La dimension du rapport homosexuel entre Rick et Negan est très intéressante. Attention, je ne parle pas ici d’homosexualité par le prisme de la pratique sexuelle. Il y a quelque chose d’identique chez eux qui les fascinent mutuellement : ils se reconnaissent l’un dans l’autre. Il y a une sorte d’attirance forcenée. Et ce que chacun recherche en l’autre, c’est soi. Il y a une sorte de regard en miroir, qui est caractéristique de certaines relations homosexuelles, qui relève de l’interrogation sur soi et de trouver chez l’autre une partie de soi. Negan est un personnage vide, il n’a pas de questionnements, il n’invente pas le monde mais se met comme un objet noir au service du système qui l’emploie. Rick, lui, est dans une quête pour trouver sa place dans le monde, sa place vis-à-vis de ses enfants. Sa quête est fascinée par Negan : à tort, il croit que ce dernier a la solution. Et c’est ce qui nous fascine tous chez les pervers : on n’y arrive pas ou mal, on fait ce qu’on peut… Et tout à coup débarque quelqu’un qui a la solution, même si elle est vide.
"Mourir maintenant si vous ne m’obéissez pas, ou mourir plus tard si vous m’obéissez"

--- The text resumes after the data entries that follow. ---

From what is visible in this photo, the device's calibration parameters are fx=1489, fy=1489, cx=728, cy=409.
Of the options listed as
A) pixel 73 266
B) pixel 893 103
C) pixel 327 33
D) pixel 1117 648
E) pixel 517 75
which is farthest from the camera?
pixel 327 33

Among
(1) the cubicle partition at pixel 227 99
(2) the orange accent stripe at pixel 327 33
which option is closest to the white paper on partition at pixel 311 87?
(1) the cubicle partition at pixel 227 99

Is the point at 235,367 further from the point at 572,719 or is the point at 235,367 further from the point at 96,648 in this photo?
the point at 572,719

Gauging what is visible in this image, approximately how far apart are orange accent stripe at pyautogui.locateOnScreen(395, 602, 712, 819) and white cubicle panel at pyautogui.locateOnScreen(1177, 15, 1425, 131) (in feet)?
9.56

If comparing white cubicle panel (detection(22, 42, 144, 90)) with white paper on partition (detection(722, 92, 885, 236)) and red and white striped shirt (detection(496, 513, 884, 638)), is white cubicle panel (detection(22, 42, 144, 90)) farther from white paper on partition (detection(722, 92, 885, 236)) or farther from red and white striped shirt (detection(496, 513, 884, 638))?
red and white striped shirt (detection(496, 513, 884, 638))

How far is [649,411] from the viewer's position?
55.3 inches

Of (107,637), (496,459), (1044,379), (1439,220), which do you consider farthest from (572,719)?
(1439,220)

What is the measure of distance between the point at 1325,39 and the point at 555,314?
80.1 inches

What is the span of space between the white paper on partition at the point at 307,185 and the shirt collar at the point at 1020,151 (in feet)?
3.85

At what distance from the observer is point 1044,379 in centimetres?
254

Negan propose une loi horrible, terrible, qui répond parfaitement au monde tel qu’il est mis en scène dans la série : une loi où la seule issue est la mort. Schématiquement, on peut la résumer ainsi : "Mourir maintenant si vous ne m’obéissez pas, ou mourir plus tard si vous m’obéissez. Mais dans les deux cas, la mort est l’issue. La seule solution pour gagner du temps est de m’obéir et de faire ce que JE vous dis". Negan se met donc au service d’une loi inhumaine et morbide, la Loi de la Mort. Normalement dans l’histoire de l’humanité, la loi est liée à la transcendance, elle dépend de Dieu, du moins d’une entité au-dessus de nous qui sait et nous dit comment vivre. Au fur et à mesure, l’idée est venue que Dieu était bon, que nous étions à son image, qu’il était là pour nous punir mais en même temps nous aider. Cette loi est donc divine et cherche à nous élever. Au XVIIIe siècle, cette idée de Dieu a peu à peu été remplacée par l’idée du Bien, et la loi est devenue un cadre pour vivre ensemble décidé par les hommes.

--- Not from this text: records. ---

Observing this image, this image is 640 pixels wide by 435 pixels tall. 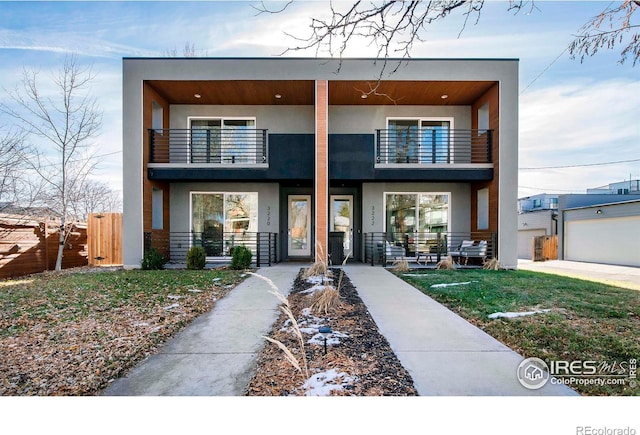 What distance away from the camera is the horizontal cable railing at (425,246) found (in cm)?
1018

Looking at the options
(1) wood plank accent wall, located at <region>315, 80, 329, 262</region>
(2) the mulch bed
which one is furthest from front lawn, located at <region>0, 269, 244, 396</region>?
(1) wood plank accent wall, located at <region>315, 80, 329, 262</region>

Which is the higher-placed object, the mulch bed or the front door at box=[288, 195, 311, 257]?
the front door at box=[288, 195, 311, 257]

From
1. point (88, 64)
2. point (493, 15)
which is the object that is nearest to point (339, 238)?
point (493, 15)

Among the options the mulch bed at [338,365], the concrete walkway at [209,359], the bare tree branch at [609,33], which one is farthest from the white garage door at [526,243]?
the concrete walkway at [209,359]

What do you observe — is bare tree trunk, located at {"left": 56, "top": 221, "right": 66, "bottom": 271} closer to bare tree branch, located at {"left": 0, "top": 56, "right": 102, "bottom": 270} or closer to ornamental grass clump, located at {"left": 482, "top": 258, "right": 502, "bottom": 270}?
bare tree branch, located at {"left": 0, "top": 56, "right": 102, "bottom": 270}

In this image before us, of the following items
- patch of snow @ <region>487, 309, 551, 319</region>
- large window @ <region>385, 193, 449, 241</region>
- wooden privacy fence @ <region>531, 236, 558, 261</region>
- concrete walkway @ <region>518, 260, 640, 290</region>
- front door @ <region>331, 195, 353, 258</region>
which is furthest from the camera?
wooden privacy fence @ <region>531, 236, 558, 261</region>

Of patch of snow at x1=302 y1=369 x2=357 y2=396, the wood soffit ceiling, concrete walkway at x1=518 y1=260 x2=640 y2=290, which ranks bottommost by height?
concrete walkway at x1=518 y1=260 x2=640 y2=290

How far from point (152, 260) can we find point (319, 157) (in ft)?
19.6

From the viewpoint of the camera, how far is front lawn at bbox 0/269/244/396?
8.90ft

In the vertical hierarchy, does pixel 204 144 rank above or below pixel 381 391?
above

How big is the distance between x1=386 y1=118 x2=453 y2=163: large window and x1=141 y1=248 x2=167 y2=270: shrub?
8.20m

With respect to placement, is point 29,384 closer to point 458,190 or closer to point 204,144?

Negan, lui, amène une loi qui n’est pas de cet ordre. C’est une loi qui s’apparente à celle des régimes autoritaires et dictatoriaux. C’est la loi des Nazis d’une certaine façon : la solution finale a été une loi mortifère imposée, organisée et appliquée de manière froide et scientifique, qui n’avait pas de justification autre que son propre énoncé. On retrouve dans le rapport entre Negan et Rick quelque chose de cette folie qui s’empare parfois des sociétés humaines, que ce soit chez Pol Pot, Staline ou Hitler : à un moment donné, la loi paraît inévitable. Soit on accepte, soit on meurt. Et si on accepte, on mourra de toute façon. C’est exactement ce que disaient les Nazis aux Juifs. Dès lors, Rick est coincé dans une situation invraisemblable : il sait qu’il va perdre mais il se met au service de cette loi qui le tue. Avant l’épisode 8, ses compagnons tentent de lui demander de réagir, mais lui explique qu’il n’y a pas d’autre solution. Il s’est mis au service de cette folie, de cet ordre dont on ne sait pas trop à quoi il sert… tout comme Negan, finalement. Negan qui, dans ce monde apocalyptique, a tout lieu d’expliquer que c’est la seule et unique solution.

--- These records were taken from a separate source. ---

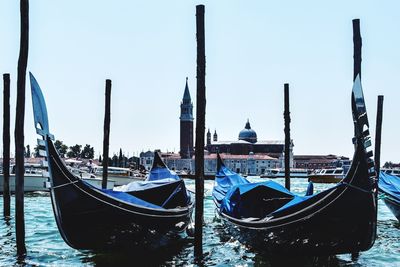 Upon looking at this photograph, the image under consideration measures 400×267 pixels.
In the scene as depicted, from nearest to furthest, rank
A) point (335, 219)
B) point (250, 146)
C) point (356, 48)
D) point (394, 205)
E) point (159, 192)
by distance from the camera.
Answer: point (335, 219) < point (356, 48) < point (159, 192) < point (394, 205) < point (250, 146)

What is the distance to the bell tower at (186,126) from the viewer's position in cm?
7906

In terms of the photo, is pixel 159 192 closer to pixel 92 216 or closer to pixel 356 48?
pixel 92 216

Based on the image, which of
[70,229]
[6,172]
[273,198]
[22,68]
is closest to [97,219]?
[70,229]

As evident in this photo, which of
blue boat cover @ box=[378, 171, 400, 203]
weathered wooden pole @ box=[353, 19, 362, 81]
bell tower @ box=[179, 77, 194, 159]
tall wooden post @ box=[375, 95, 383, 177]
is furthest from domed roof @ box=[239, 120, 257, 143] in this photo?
weathered wooden pole @ box=[353, 19, 362, 81]

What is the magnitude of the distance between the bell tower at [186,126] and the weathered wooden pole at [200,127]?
7109cm

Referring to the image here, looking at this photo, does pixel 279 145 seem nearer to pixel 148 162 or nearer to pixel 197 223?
pixel 148 162

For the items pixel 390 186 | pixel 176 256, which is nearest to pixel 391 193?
pixel 390 186

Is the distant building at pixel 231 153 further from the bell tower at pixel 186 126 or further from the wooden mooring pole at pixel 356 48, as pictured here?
the wooden mooring pole at pixel 356 48

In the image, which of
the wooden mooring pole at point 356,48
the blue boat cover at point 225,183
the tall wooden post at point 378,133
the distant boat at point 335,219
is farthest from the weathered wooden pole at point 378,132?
the distant boat at point 335,219

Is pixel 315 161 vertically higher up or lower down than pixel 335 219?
higher up

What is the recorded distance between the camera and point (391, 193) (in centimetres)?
1178

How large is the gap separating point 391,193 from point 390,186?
0.51m

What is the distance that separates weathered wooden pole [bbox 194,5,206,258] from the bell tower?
71091 millimetres

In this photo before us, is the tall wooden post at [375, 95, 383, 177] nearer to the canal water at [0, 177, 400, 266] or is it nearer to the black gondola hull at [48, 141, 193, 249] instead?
the canal water at [0, 177, 400, 266] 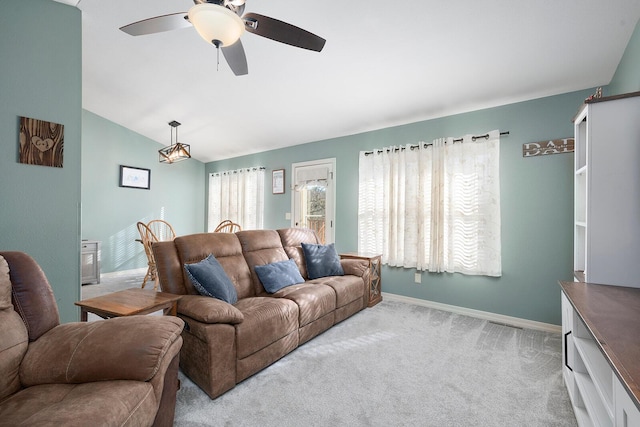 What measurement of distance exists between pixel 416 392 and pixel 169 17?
108 inches

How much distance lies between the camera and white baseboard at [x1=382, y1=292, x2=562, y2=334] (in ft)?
9.66

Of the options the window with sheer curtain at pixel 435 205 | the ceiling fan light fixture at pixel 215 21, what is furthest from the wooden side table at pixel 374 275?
the ceiling fan light fixture at pixel 215 21

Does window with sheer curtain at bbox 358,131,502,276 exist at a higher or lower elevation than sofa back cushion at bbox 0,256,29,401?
higher

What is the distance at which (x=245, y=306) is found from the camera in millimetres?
2262

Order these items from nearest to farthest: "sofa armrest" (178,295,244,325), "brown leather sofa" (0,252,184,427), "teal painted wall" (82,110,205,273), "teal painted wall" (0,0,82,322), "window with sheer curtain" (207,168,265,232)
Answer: "brown leather sofa" (0,252,184,427) → "sofa armrest" (178,295,244,325) → "teal painted wall" (0,0,82,322) → "teal painted wall" (82,110,205,273) → "window with sheer curtain" (207,168,265,232)

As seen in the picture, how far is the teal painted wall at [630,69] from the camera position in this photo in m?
2.00

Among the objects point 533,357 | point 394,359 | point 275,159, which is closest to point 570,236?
point 533,357

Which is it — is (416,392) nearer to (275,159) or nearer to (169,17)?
(169,17)

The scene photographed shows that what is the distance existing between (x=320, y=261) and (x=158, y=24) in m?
2.57

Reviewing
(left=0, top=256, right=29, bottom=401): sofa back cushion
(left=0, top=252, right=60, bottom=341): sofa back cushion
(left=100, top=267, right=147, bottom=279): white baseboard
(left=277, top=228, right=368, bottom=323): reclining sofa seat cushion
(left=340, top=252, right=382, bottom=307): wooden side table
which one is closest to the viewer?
(left=0, top=256, right=29, bottom=401): sofa back cushion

"C’est comme ça parce que c’est comme ça": la négation de la condition humaine
Negan ne propose pas d’alternative. Il impose une loi qu’il a choisie de servir. Il édicte qu’il n’y a pas d’autre solution qu’être au service de cette loi, dont il ne veut rien savoir d’ailleurs. S’il fallait trouver un équivalent de Negan, ce serait probablement Adolf Eichmann, responsable de la logistique des camps de concentration. Le responsable d’un camp de concentration, c’est quelqu’un qui explique qu’il n’y a pas d’autres solutions : lui est confronté à des problèmes techniques, il doit faire en sorte que ça fonctionne, sans s’interroger sur la finalité de la chose. Et surtout, il arrive à expliquer à la victime que c’est elle qui est responsable de la Loi et qui a la responsabilité de la faire fonctionner.
C’est ce que Negan fait avec Rick : il réussit ce tour de force extraordinaire, qui consiste à victimiser Rick et à lui faire accepter que se mettre au service de la Loi est inévitable et que si quelque chose ne fonctionne pas, c’est de sa faute. Il fait de la victime le propre responsable de sa non-obéissance éventuelle à la Loi. C’est un système fou. Je reprends cet exemple car il illustre parfaitement cela : les Nazis étaient très peu nombreux dans les camps de concentration, et ils avaient réussi à contraindre des Juifs pour faire fonctionner les fours crématoires avec comme horizon la chance de pouvoir vivre quelques mois de plus… Comme le fait Negan. Tout ça n’a pas d’autre but que de satisfaire un objectif mortifère. Ce n’est pas une étape intermédiaire en attendant du mieux ensuite : le but est la disparition du genre humain. Ce que propose Negan est une loi antihumaine. Elle est plus du côté des morts-vivants que de la loi humaine.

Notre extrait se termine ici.